- Data provided:
•••••

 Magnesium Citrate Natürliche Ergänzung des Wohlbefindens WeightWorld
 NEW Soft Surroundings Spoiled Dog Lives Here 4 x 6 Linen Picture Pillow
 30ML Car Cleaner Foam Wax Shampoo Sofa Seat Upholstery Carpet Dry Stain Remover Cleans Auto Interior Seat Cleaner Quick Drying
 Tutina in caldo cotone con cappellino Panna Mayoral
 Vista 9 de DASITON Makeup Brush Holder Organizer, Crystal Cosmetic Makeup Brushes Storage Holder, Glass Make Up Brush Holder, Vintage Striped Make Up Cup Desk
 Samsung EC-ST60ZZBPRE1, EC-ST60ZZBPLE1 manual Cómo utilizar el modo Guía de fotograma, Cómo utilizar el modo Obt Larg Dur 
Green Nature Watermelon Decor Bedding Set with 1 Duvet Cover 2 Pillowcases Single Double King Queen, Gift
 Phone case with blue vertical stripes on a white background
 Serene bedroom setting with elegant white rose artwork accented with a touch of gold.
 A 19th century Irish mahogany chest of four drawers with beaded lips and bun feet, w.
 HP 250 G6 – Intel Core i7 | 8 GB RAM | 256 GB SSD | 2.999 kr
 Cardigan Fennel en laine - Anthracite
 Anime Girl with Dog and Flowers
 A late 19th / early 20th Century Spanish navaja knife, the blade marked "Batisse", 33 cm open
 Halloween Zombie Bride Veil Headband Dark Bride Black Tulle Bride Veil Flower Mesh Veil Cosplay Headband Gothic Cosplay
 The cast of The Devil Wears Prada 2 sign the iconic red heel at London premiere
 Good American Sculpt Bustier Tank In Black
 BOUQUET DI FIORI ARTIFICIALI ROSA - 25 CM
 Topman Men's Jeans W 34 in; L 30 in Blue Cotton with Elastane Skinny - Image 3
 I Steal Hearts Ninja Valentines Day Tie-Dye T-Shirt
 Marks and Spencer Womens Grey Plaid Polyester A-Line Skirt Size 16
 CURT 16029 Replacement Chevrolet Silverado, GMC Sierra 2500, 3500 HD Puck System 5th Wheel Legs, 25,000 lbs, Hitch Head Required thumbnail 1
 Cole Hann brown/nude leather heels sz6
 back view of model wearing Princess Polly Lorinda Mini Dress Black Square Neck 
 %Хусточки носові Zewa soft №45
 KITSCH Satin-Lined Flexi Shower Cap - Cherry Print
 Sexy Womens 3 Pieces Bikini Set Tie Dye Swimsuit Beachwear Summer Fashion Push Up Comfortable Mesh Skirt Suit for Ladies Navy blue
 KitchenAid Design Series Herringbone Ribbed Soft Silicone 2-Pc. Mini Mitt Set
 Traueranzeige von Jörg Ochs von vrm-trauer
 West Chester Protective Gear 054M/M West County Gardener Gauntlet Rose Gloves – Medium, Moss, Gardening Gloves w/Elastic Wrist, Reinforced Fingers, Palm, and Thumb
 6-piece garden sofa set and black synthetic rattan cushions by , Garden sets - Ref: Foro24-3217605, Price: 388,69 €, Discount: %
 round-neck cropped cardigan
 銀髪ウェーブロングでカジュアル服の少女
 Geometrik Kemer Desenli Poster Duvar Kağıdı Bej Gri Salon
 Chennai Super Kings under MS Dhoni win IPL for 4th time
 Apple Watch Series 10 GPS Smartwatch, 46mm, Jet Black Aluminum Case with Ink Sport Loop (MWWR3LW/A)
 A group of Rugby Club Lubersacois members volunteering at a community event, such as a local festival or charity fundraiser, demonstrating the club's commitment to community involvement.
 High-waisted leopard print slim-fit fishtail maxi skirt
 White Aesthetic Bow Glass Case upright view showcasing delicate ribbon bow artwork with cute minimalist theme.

•••••

Going down from the first line of the entries above, restate each line word for word until the line holding "Green Nature Watermelon" is done.

- Output for this task:
 Magnesium Citrate Natürliche Ergänzung des Wohlbefindens WeightWorld
 NEW Soft Surroundings Spoiled Dog Lives Here 4 x 6 Linen Picture Pillow
 30ML Car Cleaner Foam Wax Shampoo Sofa Seat Upholstery Carpet Dry Stain Remover Cleans Auto Interior Seat Cleaner Quick Drying
 Tutina in caldo cotone con cappellino Panna Mayoral
 Vista 9 de DASITON Makeup Brush Holder Organizer, Crystal Cosmetic Makeup Brushes Storage Holder, Glass Make Up Brush Holder, Vintage Striped Make Up Cup Desk
 Samsung EC-ST60ZZBPRE1, EC-ST60ZZBPLE1 manual Cómo utilizar el modo Guía de fotograma, Cómo utilizar el modo Obt Larg Dur 
Green Nature Watermelon Decor Bedding Set with 1 Duvet Cover 2 Pillowcases Single Double King Queen, Gift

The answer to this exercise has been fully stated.